February 12, 2014
On the heels of last year’s humiliating third failure of the premier U.S. missile defense system during what was billed as a fairly simple flight trial, Defense Secretary Chuck Hagel is doubling down on the Ground-Based Midcourse Defense (GMD) program by adding more than $4.5 billion to the Missile Defense Agency’s coffers from fiscal 2015-2019, according to Riki Ellison, chairman of the Missile Defense Advocacy Alliance.
Thus far, the Pentagon has spent more than $157 billion developing various missile defenses, a portion of it on GMD technologies.
In the Pentagon’s forthcoming budget request, which is slated for delivery next month to Congress, Hagel is planning to specifically request higher funding for GMD, according to defense sources. The goal is to turn the tide in what some say has become an atrophied focus on testing and evolving technology for the program, and hopefully score an intercept this spring.
Additionally, he will propose at least $1.5 billion across the plan to develop a new radar to spot missiles from North Korea, while potentially shifting the massive, floating Space-Based X-Band system to the East Coast to monitor for attacks from an increasingly bellicose Iran.
Missile Defense Agency (MDA) spokesman Rick Lehner declined to discuss fiscal 2015 budget specifics until delivered to Congress. But sources speaking on background due to the sensitivity of the subject are painting a picture of what is ahead for the agency.
MDA’s budget was expected to dip as low as about $7 billion or less, down from a steady $9 billion years before.
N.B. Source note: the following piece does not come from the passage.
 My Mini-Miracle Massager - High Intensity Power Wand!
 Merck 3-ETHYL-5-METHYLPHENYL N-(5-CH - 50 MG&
But much of that is slated to be restored, thanks in part to concern from Hagel that GMD was being shortchanged.
As the only measure of defending the homeland against a North Korean or Iranian ICBM attack, any failure of the GMD system, managed by Boeing, is a national embarrassment. The system’s inability on July 5, 2013, to repeat a relatively simple test that it had already successfully conducted five years earlier, however, was a genuine shame. Hagel had hastily ordered the test last March in response to saber rattling from Pyongyang, and it was intended to showcase the Pentagon’s unique ability to shield U.S. territory.
Instead, it raised questions about the effectiveness of a small fleet of GMD interceptors on alert at Fort Greely, Alaska, and Vandenberg AFB, Calif. Thirty have been emplaced, including four in California.
This test was akin to the “glory missions” of the U.S. Minuteman III ICBM, where officials take an active missile on alert and put it through its paces to validate effectiveness; a secondary effect is a worldwide reminder of its capabilities. In this case for GMD, however, the Raytheon Exoatmospheric Kill Vehicle (EKV) failed even to separate from the Orbital Sciences Booster. “We were doing this in the ‘60s,” said one industry source, noting vehicle separation is hardly the hardest part of an intercept attempt. Some hypothesize that a clamp, or other relatively unsophisticated hardware, was to blame for the failure of the $200 million test. An investigation into the mishap still has not concluded.